Vesna Kukavica’s latest book, Umreženi identiteti (Networked Identities), was promoted at the Matis Club in Zagreb March 19th. This three hundred page collection of publicist works by editor, publicist and journalist Kukavica brings together a selection of articles published in Matica magazine and inspired by migrant and exile issues under the Global Croatia column over the past five years, penned monthly by Kukavica, the long-standing editor of the Croatian Emigrant Almanac and the head of the CHF publishing department.
The presentation was moderated by Lada Kanajet Šimić, head of the CHF education department, with a welcome greeting by Member of Parliament Ivo Jelušić, vice president of the parliamentary committee on Croatians abroad and president of the CHF board of directors.
On hand to discuss the book were CHF director Marin Knezović MSc and the book’s reviewers – historian Željko Holjevac DSc, communication science specialist Božo Skoko DSc and the book’s editor Ivan Čizmić DSc. They agreed that the book was an exceptionally valuable effort in bringing together articles covering emigrant issues that deserves the attention of the academic and reading public, and that, doubtless, has anthological value. Author Vesna Kukavica thanked the presenters and her collaborators on the book and presented some of the interesting details through a PowerPoint presentation created by Snježana Đuričković.

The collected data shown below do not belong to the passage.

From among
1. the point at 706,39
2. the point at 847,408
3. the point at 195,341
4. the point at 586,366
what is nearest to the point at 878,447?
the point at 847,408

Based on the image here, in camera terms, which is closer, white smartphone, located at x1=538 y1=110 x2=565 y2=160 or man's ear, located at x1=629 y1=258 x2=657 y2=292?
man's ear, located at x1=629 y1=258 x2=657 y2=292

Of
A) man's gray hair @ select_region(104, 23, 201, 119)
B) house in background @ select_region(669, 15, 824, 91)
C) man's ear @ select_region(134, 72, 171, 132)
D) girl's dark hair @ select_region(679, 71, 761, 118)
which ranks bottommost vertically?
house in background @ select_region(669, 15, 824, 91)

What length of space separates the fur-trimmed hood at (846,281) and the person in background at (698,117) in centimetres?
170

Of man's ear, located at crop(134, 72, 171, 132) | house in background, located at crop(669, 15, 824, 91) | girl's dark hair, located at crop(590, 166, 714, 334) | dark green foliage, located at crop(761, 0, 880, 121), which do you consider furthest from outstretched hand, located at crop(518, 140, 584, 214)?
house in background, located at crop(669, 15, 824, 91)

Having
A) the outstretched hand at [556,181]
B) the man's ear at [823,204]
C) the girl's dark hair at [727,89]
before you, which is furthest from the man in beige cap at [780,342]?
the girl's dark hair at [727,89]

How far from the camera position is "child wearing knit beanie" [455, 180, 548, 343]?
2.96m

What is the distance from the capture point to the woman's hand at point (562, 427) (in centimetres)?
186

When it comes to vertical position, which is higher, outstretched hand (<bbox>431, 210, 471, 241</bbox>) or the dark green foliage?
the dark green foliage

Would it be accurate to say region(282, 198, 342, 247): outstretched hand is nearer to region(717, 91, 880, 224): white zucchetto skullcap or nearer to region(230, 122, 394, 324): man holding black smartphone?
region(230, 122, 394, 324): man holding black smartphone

Speaking of the book’s publisher, the Croatian Heritage Foundation, Kukavica noted that everything done here – from the schools, workshops, the Internet language courses to publishing – was done as a team and in a positive atmosphere. 21st century emigrants are mobile, multilingual and successful people that are well adapted to the societies of their domicile countries. They are successful as writers, hoteliers, winemakers and scientists … and prove that Croatians in the new times, wherever they be, care for one another.
The book includes selected feuilletons, reviews and some sixty essays on the global and well-networked Croatia, and a series of fascinating stories of the fates of many of the “ordinary people” that have braved the unknown and headed out to distant America, Australia, New Zealand or nearby Germany, Switzerland and other countries.

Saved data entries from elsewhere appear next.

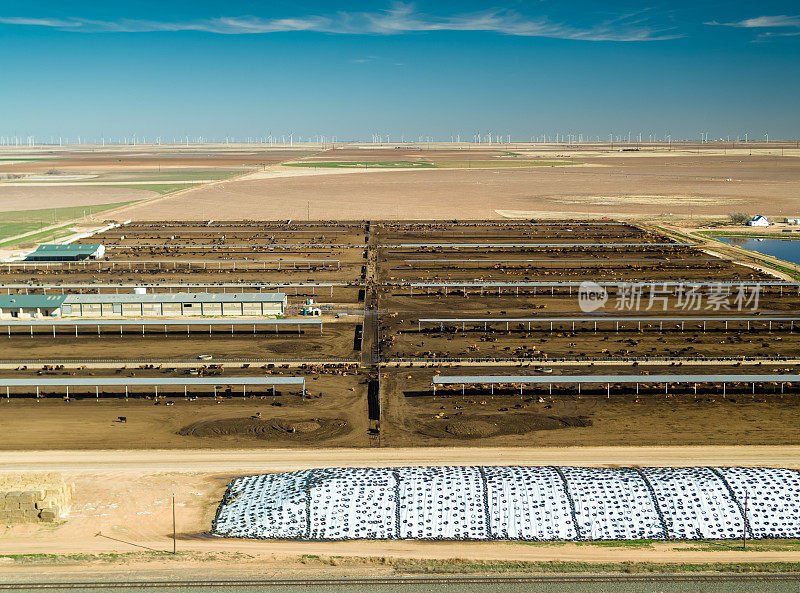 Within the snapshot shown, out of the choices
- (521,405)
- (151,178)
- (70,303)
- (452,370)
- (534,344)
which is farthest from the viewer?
(151,178)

Vesna Kukavica’s latest book, her second published by the CHF, successfully broadens the frame and tears down the stereotypes by which the Croatian Diaspora, its stakeholders and heirs, have been viewed, treated and described in Croatia. With a new century, it is time for a new perception – innovative and creative. Kukavica’s well-networked Croatia is formed by the descendants of earlier Croatian emigrants and our contemporary, established emigrants – reinvigorating venerable emigrant communities and building new links between themselves, the old homeland and the world around them.